*Work request*. Since only part of the records is wanted, repeat exactly the lines from the one containing "2026 Nissan Frontier Crew Cab SV 4x2" through the last line, both included.
(Given data)
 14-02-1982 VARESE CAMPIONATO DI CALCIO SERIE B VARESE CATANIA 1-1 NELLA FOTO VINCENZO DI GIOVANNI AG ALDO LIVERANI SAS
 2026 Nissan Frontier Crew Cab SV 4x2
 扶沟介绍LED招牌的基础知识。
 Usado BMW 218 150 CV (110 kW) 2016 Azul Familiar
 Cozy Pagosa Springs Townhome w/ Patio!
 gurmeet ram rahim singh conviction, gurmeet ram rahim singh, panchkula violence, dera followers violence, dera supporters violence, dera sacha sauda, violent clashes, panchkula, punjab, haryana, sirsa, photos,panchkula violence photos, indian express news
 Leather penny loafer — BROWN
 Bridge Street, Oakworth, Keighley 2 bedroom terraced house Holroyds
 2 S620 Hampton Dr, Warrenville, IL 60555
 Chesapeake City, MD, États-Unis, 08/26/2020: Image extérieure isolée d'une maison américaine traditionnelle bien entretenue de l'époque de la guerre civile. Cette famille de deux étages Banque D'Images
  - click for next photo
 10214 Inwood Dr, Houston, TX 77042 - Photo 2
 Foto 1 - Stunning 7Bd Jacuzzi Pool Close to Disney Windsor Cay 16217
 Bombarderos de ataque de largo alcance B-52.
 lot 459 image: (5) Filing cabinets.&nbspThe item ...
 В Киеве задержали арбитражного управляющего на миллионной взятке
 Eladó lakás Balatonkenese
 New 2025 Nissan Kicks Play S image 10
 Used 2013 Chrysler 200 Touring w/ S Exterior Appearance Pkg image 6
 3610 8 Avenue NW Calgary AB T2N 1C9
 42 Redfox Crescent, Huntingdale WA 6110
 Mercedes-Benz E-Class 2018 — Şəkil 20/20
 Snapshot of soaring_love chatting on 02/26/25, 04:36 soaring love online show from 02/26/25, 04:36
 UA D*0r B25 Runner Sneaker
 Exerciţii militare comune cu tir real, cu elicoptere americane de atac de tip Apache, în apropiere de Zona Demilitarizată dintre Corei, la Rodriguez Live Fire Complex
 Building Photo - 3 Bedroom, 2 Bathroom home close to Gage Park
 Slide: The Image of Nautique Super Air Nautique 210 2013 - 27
(End Given data)
*Task output*.
 2026 Nissan Frontier Crew Cab SV 4x2
 扶沟介绍LED招牌的基础知识。
 Usado BMW 218 150 CV (110 kW) 2016 Azul Familiar
 Cozy Pagosa Springs Townhome w/ Patio!
 gurmeet ram rahim singh conviction, gurmeet ram rahim singh, panchkula violence, dera followers violence, dera supporters violence, dera sacha sauda, violent clashes, panchkula, punjab, haryana, sirsa, photos,panchkula violence photos, indian express news
 Leather penny loafer — BROWN
 Bridge Street, Oakworth, Keighley 2 bedroom terraced house Holroyds
 2 S620 Hampton Dr, Warrenville, IL 60555
 Chesapeake City, MD, États-Unis, 08/26/2020: Image extérieure isolée d'une maison américaine traditionnelle bien entretenue de l'époque de la guerre civile. Cette famille de deux étages Banque D'Images
  - click for next photo
 10214 Inwood Dr, Houston, TX 77042 - Photo 2
 Foto 1 - Stunning 7Bd Jacuzzi Pool Close to Disney Windsor Cay 16217
 Bombarderos de ataque de largo alcance B-52.
 lot 459 image: (5) Filing cabinets.&nbspThe item ...
 В Киеве задержали арбитражного управляющего на миллионной взятке
 Eladó lakás Balatonkenese
 New 2025 Nissan Kicks Play S image 10
 Used 2013 Chrysler 200 Touring w/ S Exterior Appearance Pkg image 6
 3610 8 Avenue NW Calgary AB T2N 1C9
 42 Redfox Crescent, Huntingdale WA 6110
 Mercedes-Benz E-Class 2018 — Şəkil 20/20
 Snapshot of soaring_love chatting on 02/26/25, 04:36 soaring love online show from 02/26/25, 04:36
 UA D*0r B25 Runner Sneaker
 Exerciţii militare comune cu tir real, cu elicoptere americane de atac de tip Apache, în apropiere de Zona Demilitarizată dintre Corei, la Rodriguez Live Fire Complex
 Building Photo - 3 Bedroom, 2 Bathroom home close to Gage Park
 Slide: The Image of Nautique Super Air Nautique 210 2013 - 27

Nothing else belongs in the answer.